» **WORK INSTRUCTIONS**
Begin at the line with "this 1270×952 image." and write out every line after it, exactly, through the last line below, adding nothing.

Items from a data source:
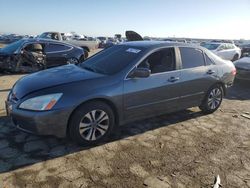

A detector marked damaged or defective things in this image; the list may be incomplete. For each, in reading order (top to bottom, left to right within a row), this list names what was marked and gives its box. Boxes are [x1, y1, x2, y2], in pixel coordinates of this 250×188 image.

damaged car in background [0, 38, 86, 72]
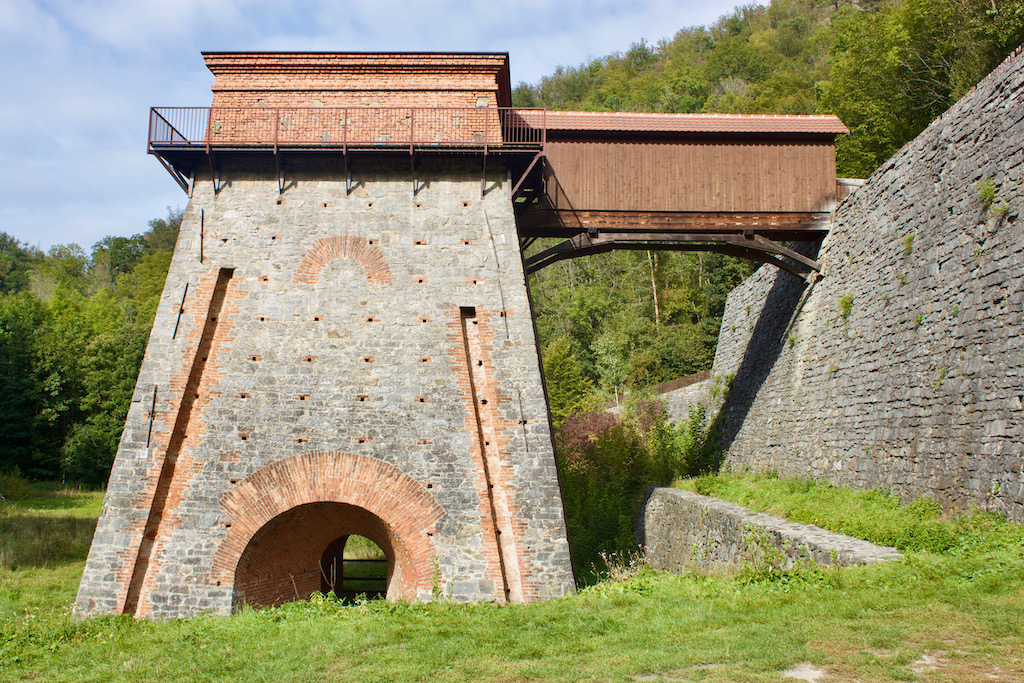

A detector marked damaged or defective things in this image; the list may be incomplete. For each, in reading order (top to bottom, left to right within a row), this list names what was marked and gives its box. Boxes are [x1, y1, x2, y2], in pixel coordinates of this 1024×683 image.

rusty metal railing [149, 105, 548, 152]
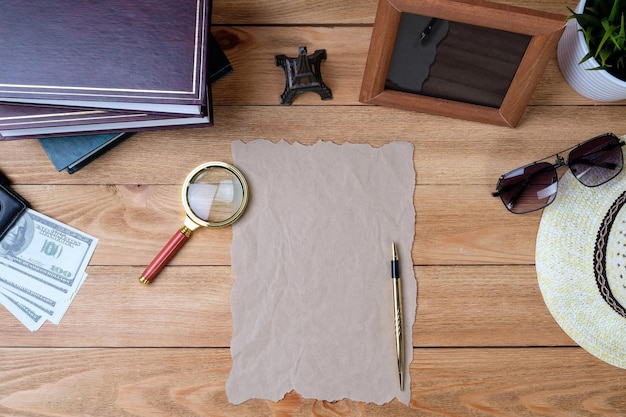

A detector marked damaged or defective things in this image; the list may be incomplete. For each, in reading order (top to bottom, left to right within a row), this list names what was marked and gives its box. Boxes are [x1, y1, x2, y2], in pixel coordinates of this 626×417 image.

torn craft paper sheet [225, 139, 414, 404]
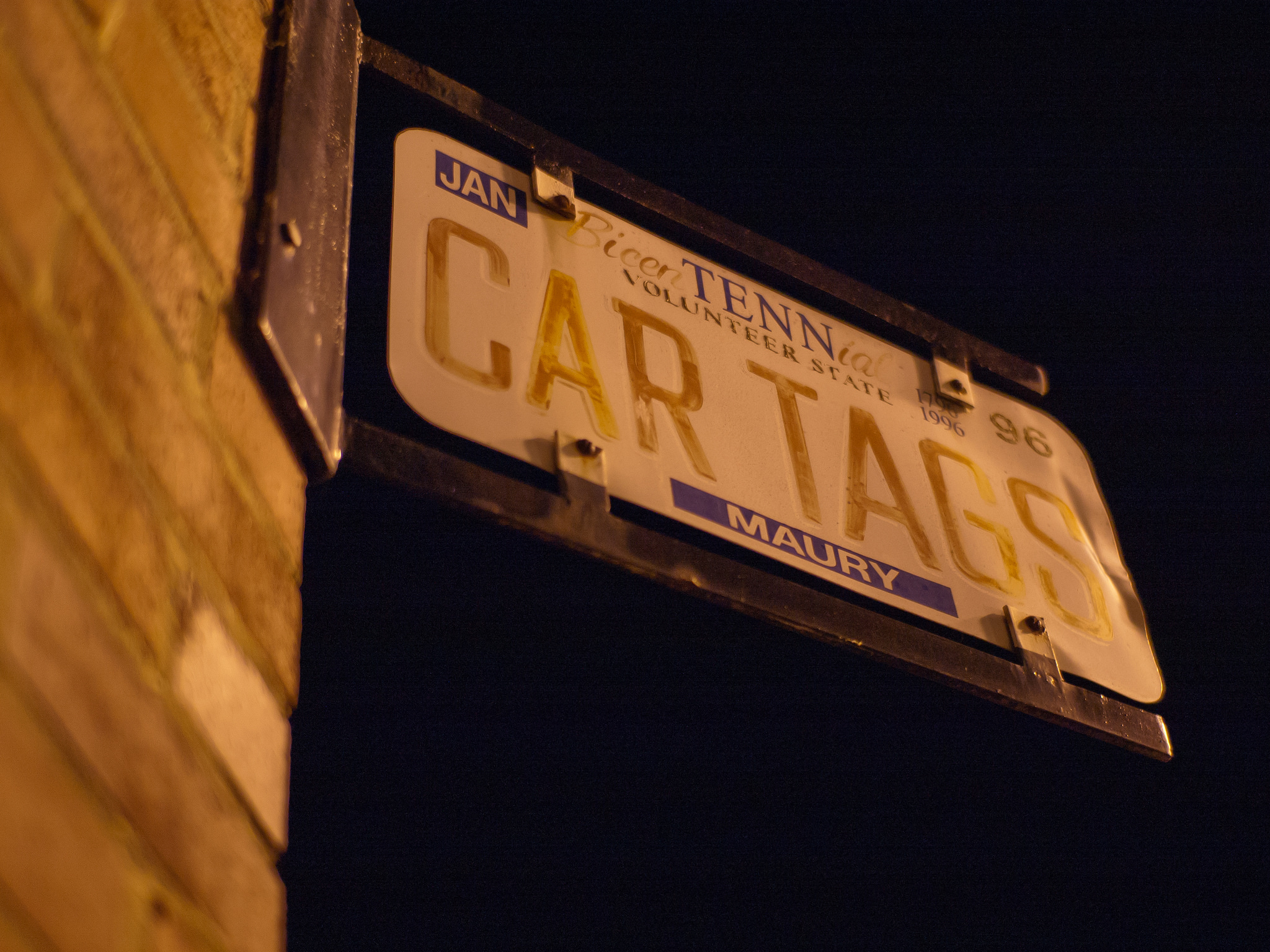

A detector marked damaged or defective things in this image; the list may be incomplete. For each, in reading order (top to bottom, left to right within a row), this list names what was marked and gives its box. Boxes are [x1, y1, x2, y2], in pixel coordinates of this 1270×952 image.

rusty metal bar [360, 37, 1051, 399]
rusty metal bar [340, 421, 1168, 766]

» **RESPONSE BELOW**
A detector marked damaged or defective things in this image; the list may be incomplete. For each, in reading order (top to bottom, left to right within a row), this list names what was marked and gives its box. Boxes are [x1, y1, x2, y2], in pixel coordinates of this 1270×952 image.

rusty metal bar [360, 37, 1051, 399]
rusty metal bar [340, 421, 1168, 766]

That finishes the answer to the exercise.